Schade ist nur, dass die Musik of fast ver­schwindet. Denn in der Par­ti­tur ver­heiratet Sup­pé Wiener Operette mit ital­ienis­ch­er Leichtigkeit – beim Phil­har­monis­chen Orch­ester unter Flo­ri­an Csiz­ma­dia hört man das wun­der­bar lebendig-ein­füh­lend und klangschön. Aber der Kla­mauk auf der Bühne drängt das immer wieder in den Hin­ter­grund. Das Huhn Olga ist typ­isch für die Insze­nierung: Alles ist der Regis­seurin recht, solange sich nur ein Witz draus machen lässt. Das hat großar­tige, wun­der­bar unter­halt­same Momente — im neu getex­teten Reporter-Lied Julians etwa, der lange erzählt, welche Skan­dale er ange­blich aufgedeckt und wie er Wulff aus dem Schloss Belle­vue geschrieben hat. Aber das sind nur Momente, Ver­satzstücke — das bleibt eine Art ver­frühte Fast­nacht­sposse inklu­sive Kon­fet­tire­gen im Hap­py-End-Finale, die es vorzüglich schafft, sich von Kla­mauk zu Kla­mauk zu hangeln. Am deut­lich­sten wird das im drit­ten Akt (der dra­matur­gisch aber auch bei Sup­pé eher schwach ist): Da ist das auf der Mainz­er Bühne nur noch eine Rei­he von losen, vor sich hin plätsch­ern­den Gags. Der Fatinitza von Sup­pé und seinen Libret­tis­ten wird es jedoch nur halb gerecht: Alles, was über den unter­halt­samen Spaß hin­aus­ge­ht, fehlt — zum Beispiel die hier the­ma­tisierte Rolle der Medi­en und ihr Bezug zur Wahrheit und Wirk­lichkeit, aber auch die Rolle der Geschlechter(-verwirrungen) und natür­lich die des Krieges – das deutet Steier höch­stens hin und wieder an.
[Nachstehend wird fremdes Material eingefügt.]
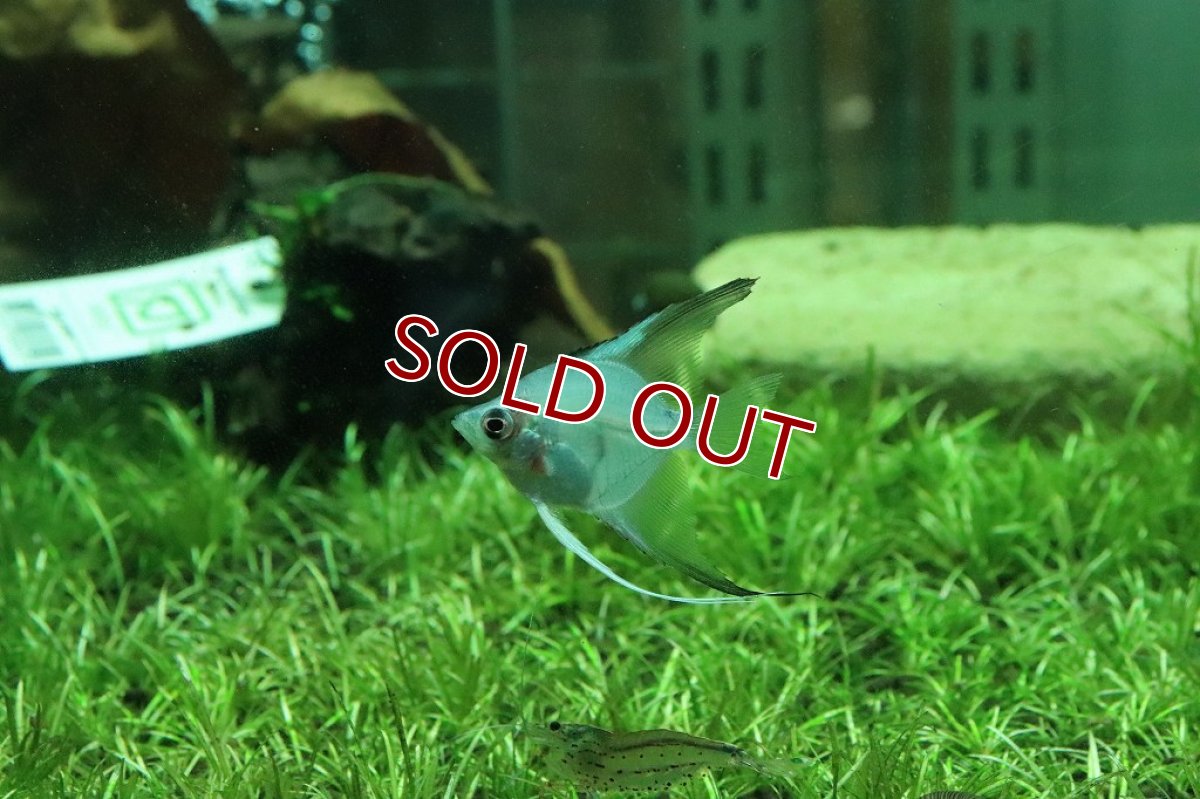 画像4: 【淡水魚】レア種 グリーンジャイアントエンゼル【1匹】(メダカ科)（生体）（熱帯魚）NK (4)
Und dann ist am Schluss auch noch Olga ver­schwun­den, so dass der arme Steipann (sehr pointiert: Jür­gen Rust) doch ganz alleine im all­ge­meinen Frohsinn unglück­lich suchend heru­mir­ren muss.

(so ähn­lich, etwas kürz­er vor allem, habe ich das für die Rhein-Zeitung geschrieben.)